- EXERCISE DETAILS:
Transcribe every record in full, keeping it exactly the same.

- DATA PROVIDED:
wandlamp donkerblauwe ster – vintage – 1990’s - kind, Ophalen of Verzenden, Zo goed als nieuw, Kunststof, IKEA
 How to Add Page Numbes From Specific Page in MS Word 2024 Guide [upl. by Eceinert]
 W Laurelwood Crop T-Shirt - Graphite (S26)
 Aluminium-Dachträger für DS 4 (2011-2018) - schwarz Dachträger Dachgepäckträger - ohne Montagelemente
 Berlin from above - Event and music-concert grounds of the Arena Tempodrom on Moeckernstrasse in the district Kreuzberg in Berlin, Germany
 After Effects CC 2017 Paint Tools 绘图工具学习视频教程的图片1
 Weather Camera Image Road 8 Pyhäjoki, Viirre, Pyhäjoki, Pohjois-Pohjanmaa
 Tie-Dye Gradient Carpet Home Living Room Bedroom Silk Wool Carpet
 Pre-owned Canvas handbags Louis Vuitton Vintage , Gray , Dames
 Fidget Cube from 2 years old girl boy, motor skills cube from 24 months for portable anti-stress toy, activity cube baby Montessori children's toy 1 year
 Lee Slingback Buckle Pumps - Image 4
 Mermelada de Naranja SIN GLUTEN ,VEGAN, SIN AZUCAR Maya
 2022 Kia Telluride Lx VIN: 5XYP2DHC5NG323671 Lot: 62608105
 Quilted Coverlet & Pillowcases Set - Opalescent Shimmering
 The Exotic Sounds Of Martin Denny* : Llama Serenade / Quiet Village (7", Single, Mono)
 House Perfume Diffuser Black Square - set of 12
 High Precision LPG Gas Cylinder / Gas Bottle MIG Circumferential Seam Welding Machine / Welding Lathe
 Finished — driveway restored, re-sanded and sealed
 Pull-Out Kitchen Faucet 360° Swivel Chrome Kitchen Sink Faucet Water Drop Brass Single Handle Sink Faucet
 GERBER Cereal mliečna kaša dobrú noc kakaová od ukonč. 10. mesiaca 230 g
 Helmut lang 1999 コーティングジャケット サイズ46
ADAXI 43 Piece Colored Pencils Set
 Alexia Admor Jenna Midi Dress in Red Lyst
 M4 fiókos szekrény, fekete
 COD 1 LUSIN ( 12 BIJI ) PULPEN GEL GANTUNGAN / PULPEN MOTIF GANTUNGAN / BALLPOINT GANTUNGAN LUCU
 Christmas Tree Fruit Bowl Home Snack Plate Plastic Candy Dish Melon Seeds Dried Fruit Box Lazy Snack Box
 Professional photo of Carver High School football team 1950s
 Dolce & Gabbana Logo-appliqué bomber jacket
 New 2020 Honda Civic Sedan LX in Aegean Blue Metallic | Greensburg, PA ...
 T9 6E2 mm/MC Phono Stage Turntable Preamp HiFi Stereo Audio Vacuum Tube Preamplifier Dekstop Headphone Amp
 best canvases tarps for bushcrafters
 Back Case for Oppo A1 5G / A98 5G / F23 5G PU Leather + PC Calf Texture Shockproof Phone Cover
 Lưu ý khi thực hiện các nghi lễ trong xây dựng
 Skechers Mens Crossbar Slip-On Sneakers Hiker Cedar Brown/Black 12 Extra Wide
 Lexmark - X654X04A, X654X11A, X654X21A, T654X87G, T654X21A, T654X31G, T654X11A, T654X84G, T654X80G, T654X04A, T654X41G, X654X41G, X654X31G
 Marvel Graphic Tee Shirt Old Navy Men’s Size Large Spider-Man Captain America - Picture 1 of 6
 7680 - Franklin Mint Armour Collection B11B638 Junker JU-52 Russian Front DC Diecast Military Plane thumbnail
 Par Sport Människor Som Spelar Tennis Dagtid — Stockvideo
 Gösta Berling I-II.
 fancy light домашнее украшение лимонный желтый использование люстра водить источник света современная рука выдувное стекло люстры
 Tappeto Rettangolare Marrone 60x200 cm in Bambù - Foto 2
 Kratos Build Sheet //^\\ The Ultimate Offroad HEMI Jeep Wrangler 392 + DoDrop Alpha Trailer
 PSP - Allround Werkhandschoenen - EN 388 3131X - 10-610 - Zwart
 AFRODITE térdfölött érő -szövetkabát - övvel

- EXERCISE SOLUTION:
wandlamp donkerblauwe ster – vintage – 1990’s - kind, Ophalen of Verzenden, Zo goed als nieuw, Kunststof, IKEA
 How to Add Page Numbes From Specific Page in MS Word 2024 Guide [upl. by Eceinert]
 W Laurelwood Crop T-Shirt - Graphite (S26)
 Aluminium-Dachträger für DS 4 (2011-2018) - schwarz Dachträger Dachgepäckträger - ohne Montagelemente
 Berlin from above - Event and music-concert grounds of the Arena Tempodrom on Moeckernstrasse in the district Kreuzberg in Berlin, Germany
 After Effects CC 2017 Paint Tools 绘图工具学习视频教程的图片1
 Weather Camera Image Road 8 Pyhäjoki, Viirre, Pyhäjoki, Pohjois-Pohjanmaa
 Tie-Dye Gradient Carpet Home Living Room Bedroom Silk Wool Carpet
 Pre-owned Canvas handbags Louis Vuitton Vintage , Gray , Dames
 Fidget Cube from 2 years old girl boy, motor skills cube from 24 months for portable anti-stress toy, activity cube baby Montessori children's toy 1 year
 Lee Slingback Buckle Pumps - Image 4
 Mermelada de Naranja SIN GLUTEN ,VEGAN, SIN AZUCAR Maya
 2022 Kia Telluride Lx VIN: 5XYP2DHC5NG323671 Lot: 62608105
 Quilted Coverlet & Pillowcases Set - Opalescent Shimmering
 The Exotic Sounds Of Martin Denny* : Llama Serenade / Quiet Village (7", Single, Mono)
 House Perfume Diffuser Black Square - set of 12
 High Precision LPG Gas Cylinder / Gas Bottle MIG Circumferential Seam Welding Machine / Welding Lathe
 Finished — driveway restored, re-sanded and sealed
 Pull-Out Kitchen Faucet 360° Swivel Chrome Kitchen Sink Faucet Water Drop Brass Single Handle Sink Faucet
 GERBER Cereal mliečna kaša dobrú noc kakaová od ukonč. 10. mesiaca 230 g
 Helmut lang 1999 コーティングジャケット サイズ46
ADAXI 43 Piece Colored Pencils Set
 Alexia Admor Jenna Midi Dress in Red Lyst
 M4 fiókos szekrény, fekete
 COD 1 LUSIN ( 12 BIJI ) PULPEN GEL GANTUNGAN / PULPEN MOTIF GANTUNGAN / BALLPOINT GANTUNGAN LUCU
 Christmas Tree Fruit Bowl Home Snack Plate Plastic Candy Dish Melon Seeds Dried Fruit Box Lazy Snack Box
 Professional photo of Carver High School football team 1950s
 Dolce & Gabbana Logo-appliqué bomber jacket
 New 2020 Honda Civic Sedan LX in Aegean Blue Metallic | Greensburg, PA ...
 T9 6E2 mm/MC Phono Stage Turntable Preamp HiFi Stereo Audio Vacuum Tube Preamplifier Dekstop Headphone Amp
 best canvases tarps for bushcrafters
 Back Case for Oppo A1 5G / A98 5G / F23 5G PU Leather + PC Calf Texture Shockproof Phone Cover
 Lưu ý khi thực hiện các nghi lễ trong xây dựng
 Skechers Mens Crossbar Slip-On Sneakers Hiker Cedar Brown/Black 12 Extra Wide
 Lexmark - X654X04A, X654X11A, X654X21A, T654X87G, T654X21A, T654X31G, T654X11A, T654X84G, T654X80G, T654X04A, T654X41G, X654X41G, X654X31G
 Marvel Graphic Tee Shirt Old Navy Men’s Size Large Spider-Man Captain America - Picture 1 of 6
 7680 - Franklin Mint Armour Collection B11B638 Junker JU-52 Russian Front DC Diecast Military Plane thumbnail
 Par Sport Människor Som Spelar Tennis Dagtid — Stockvideo
 Gösta Berling I-II.
 fancy light домашнее украшение лимонный желтый использование люстра водить источник света современная рука выдувное стекло люстры
 Tappeto Rettangolare Marrone 60x200 cm in Bambù - Foto 2
 Kratos Build Sheet //^\\ The Ultimate Offroad HEMI Jeep Wrangler 392 + DoDrop Alpha Trailer
 PSP - Allround Werkhandschoenen - EN 388 3131X - 10-610 - Zwart
 AFRODITE térdfölött érő -szövetkabát - övvel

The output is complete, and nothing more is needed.